* Exercise:
Reproduce exactly the lines of this material that begin at the line with "18849B7 Wisconsin License Plate" and end at the line with "1980s Rocker Chick", both included. Omit the pictures and everything else.
Top of Record extracts
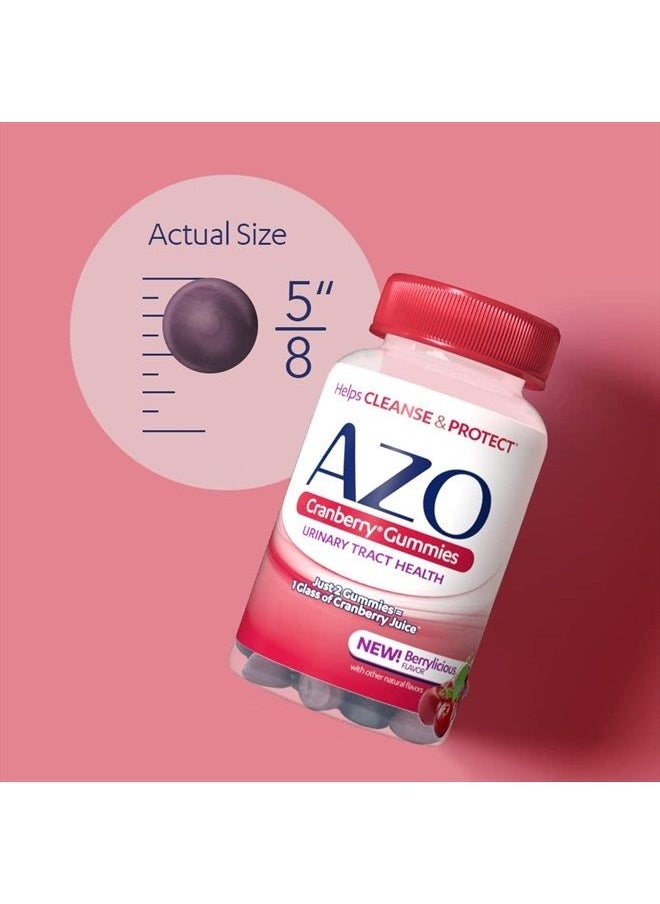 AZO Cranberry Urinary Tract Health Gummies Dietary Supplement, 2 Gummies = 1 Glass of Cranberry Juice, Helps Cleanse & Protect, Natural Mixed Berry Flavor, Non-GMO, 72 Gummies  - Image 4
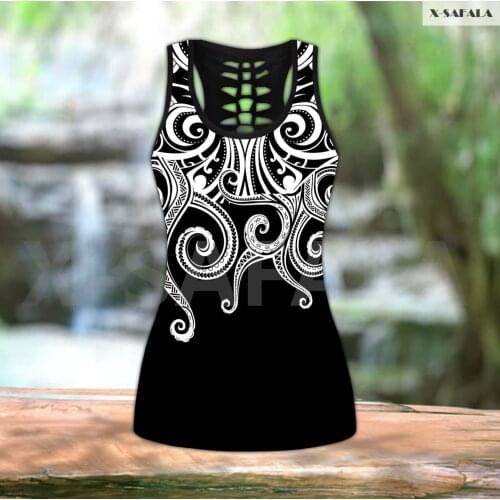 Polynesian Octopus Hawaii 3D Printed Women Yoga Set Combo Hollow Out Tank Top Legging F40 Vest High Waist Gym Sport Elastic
Bottom of Record extracts
Top of Record extracts
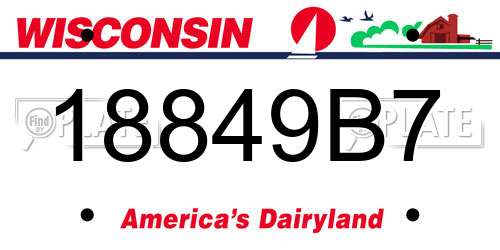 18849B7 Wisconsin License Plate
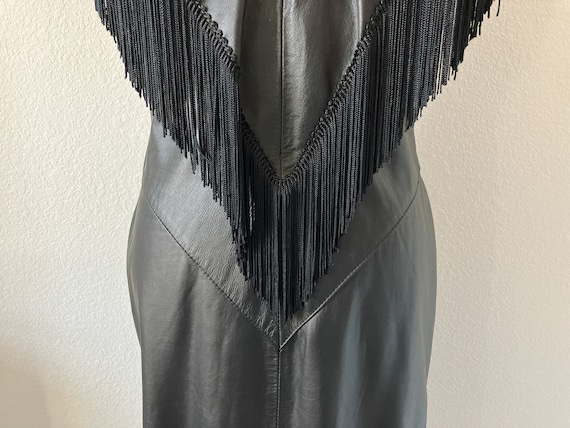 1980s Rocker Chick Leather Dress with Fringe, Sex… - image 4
Bottom of Record extracts
* Response to the exercise:
 18849B7 Wisconsin License Plate
 1980s Rocker Chick Leather Dress with Fringe, Sex… - image 4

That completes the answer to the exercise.